Every convex polygon with $n \geq 3$ vertices admits a triangulation by non-crossing diagonals, and every such triangulation uses exactly $n - 2$ triangles.
Base $n = 3$: a triangle is already triangulated into $3 - 2 = 1$ triangle. ✓
Step: a convex $(k+1)$-gon has at least one diagonal $d$ (for $k + 1 \geq 4$). Cutting along $d$ splits the polygon into two convex polygons sharing $d$, with $j_1$ and $j_2$ vertices where $j_1 + j_2 = (k+1) + 2$. Both $j_i \leq k$, so by IH each has $(j_i - 2)$ triangles, summing to $(k+1) + 2 - 4 = (k+1) - 2$. ✓ $\square$
Plane regions. $n$ lines in general position divide the plane into $1 + n + \binom{n}{2}$ regions.

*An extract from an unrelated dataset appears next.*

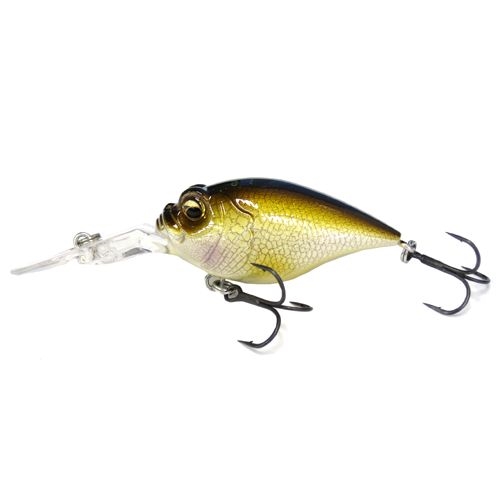 メガバス DD グリフォン 6cc ハクセイグリッターカープ - 釣具の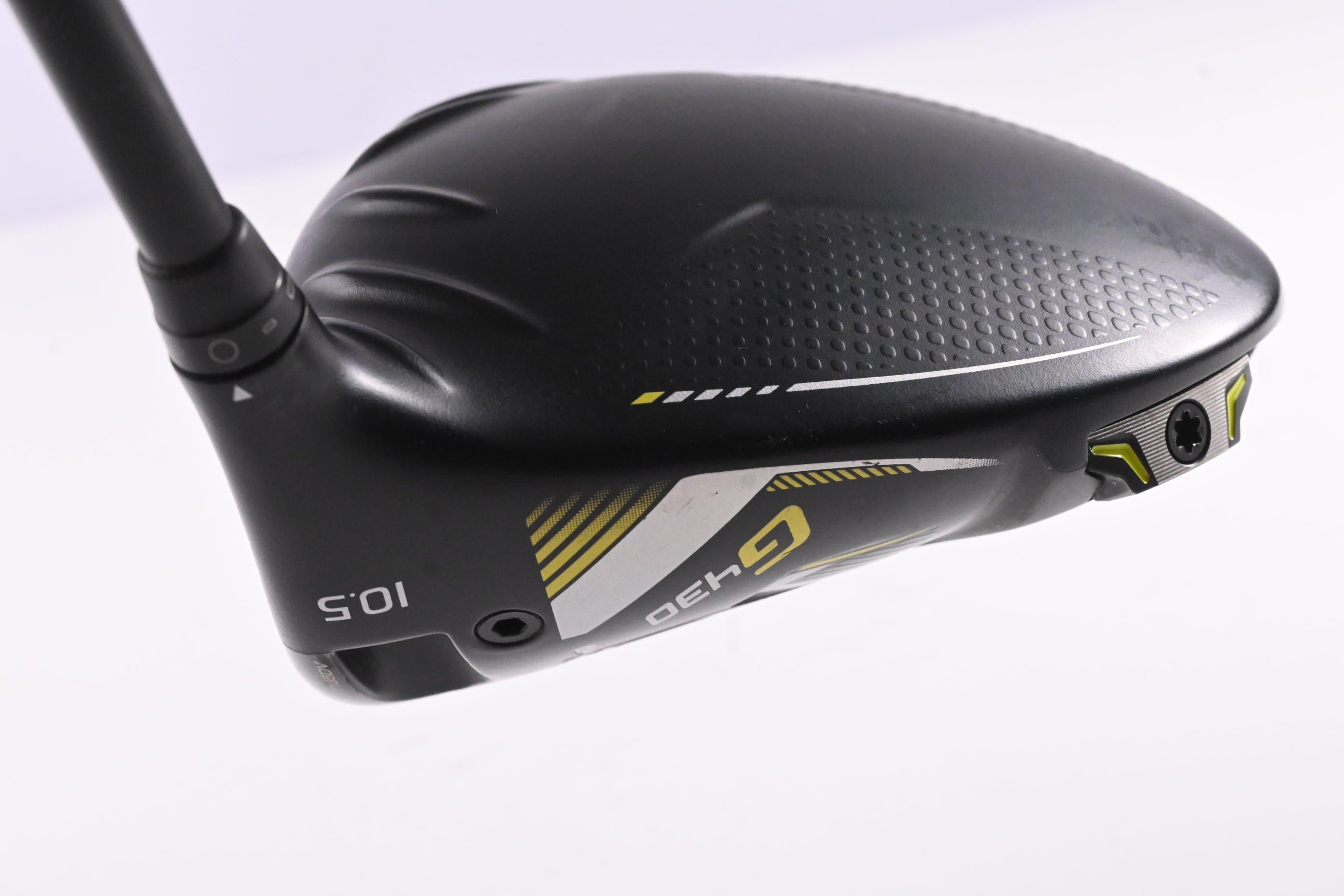 Ping G430 SFT Driver / 10.5 Degree / Regular Flex Ping Alta CB Black 55 Shaft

Base $n = 0$: $1$ region. Step: a new line, in general position with the existing $k$ lines, crosses each of them in $1$ point, so it is divided into $k + 1$ arcs; each arc cuts an existing region into two. So $R_{k+1} = R_k + (k+1) = 1 + k + \binom{k}{2} + k + 1 = 1 + (k+1) + \binom{k+1}{2}$. ✓ $\square$

Rosen 8e §5.2 Ex. 12; Steiner's theorem (1826).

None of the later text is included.